Monthly data: YYYY-MM (e.g. 2023-01, 2023-12)
Weekly data: YYYY-Wnn (e.g. 2023-W01, 2023-W52)

Consecutive periods¶

All time periods must be consecutive with no gaps. Every location must have data for every time period in the dataset.

GeoJSON file¶

If you want spatial visualizations, create a GeoJSON file where each feature's identifier matches the location values in your CSV. Name the GeoJSON file with the same base name as your CSV (e.g. my_data.csv and my_data.geojson) for automatic discovery.

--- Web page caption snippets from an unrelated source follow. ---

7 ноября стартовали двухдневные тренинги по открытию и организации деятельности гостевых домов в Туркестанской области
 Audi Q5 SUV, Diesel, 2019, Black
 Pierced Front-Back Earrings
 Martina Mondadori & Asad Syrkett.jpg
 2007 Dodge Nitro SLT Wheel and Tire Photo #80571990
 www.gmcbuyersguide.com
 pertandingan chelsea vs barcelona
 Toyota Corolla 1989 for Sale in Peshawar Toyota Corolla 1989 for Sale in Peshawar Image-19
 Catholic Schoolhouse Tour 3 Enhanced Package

Example: transforming a pandas DataFrame¶

import pandas as pd

# Suppose you have a DataFrame with different column names
df = pd.DataFrame({
    "date": ["2023-01-01", "2023-02-01", "2023-01-01", "2023-02-01"],
    "region": ["Region_A", "Region_A", "Region_B", "Region_B"],
    "cases": [12, 8, 30, 22],
    "rain_mm": [37.9, 8.5, 55.3, 12.1],
})

# Rename columns to match CHAP format
df = df.rename(columns={
    "region": "location",
    "cases": "disease_cases",
    "rain_mm": "rainfall",
})

# Convert dates to YYYY-MM format
df["time_period"] = pd.to_datetime(df["date"]).dt.strftime("%Y-%m")
df = df.drop(columns=["date"])

# Reorder columns
df = df[["time_period", "rainfall", "disease_cases", "location"]]

Validating your dataset¶

Use the chap validate command to check that your CSV is CHAP-compatible before running an evaluation.

Basic validation¶

chap validate --dataset-csv example_data/laos_subset.csv

This checks for:

Required columns (time_period, location)
Missing values (NaN) in covariate columns
Location completeness (every location has the same set of time periods)

Validation against a model¶

You can also validate that your dataset has the covariates a specific model requires:

chap validate \
    --dataset-csv example_data/laos_subset.csv \
    --model-name external_models/naive_python_model_uv

This additionally checks that all required covariates for the model are present in the dataset, and that the time period type (weekly/monthly) matches what the model supports.

Using a data source mapping¶

If your CSV uses different column names than what the model expects, provide a mapping file:

chap validate \
    --dataset-csv example_data/laos_subset_custom_columns.csv \
    --data-source-mapping example_data/column_mapping.json

Where column_mapping.json maps model covariate names to your CSV column names:

{"rainfall": "rain_mm", "mean_temperature": "temp_avg"}

Running an evaluation¶

Once your dataset is validated, you can evaluate a model on it using chap eval:

chap eval \
    --model-name external_models/naive_python_model_uv \
    --dataset-csv example_data/laos_subset.csv \
    --output-file ./eval_presession_doctest.nc \
    --backtest-params.n-splits 2 \
    --backtest-params.n-periods 1

Then visualize the results:

chap plot-backtest \
    --input-file ./eval_presession_doctest.nc \
    --output-file ./plot_presession_doctest.html

rm -f ./eval_presession_doctest.nc ./plot_presession_doctest.html

For more details on evaluation parameters, see the Evaluation Workflow guide.